**Directions for this task**. Print the data below exactly, but only the lines from the one containing "What Is the Cheapest Tanzania Safari" down to the one containing "Mottled Duck - ML646620898", inclusive.

**Source information**.
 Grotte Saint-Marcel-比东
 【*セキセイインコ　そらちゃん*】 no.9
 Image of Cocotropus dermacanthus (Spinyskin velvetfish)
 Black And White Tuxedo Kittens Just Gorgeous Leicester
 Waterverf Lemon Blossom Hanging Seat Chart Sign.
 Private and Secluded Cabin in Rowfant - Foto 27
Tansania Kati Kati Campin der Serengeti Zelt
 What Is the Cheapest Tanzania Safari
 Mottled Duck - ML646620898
==
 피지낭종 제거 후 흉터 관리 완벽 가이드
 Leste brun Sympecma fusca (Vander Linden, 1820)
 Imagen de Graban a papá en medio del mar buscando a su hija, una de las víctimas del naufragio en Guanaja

**Response for this exercise**.
 What Is the Cheapest Tanzania Safari
 Mottled Duck - ML646620898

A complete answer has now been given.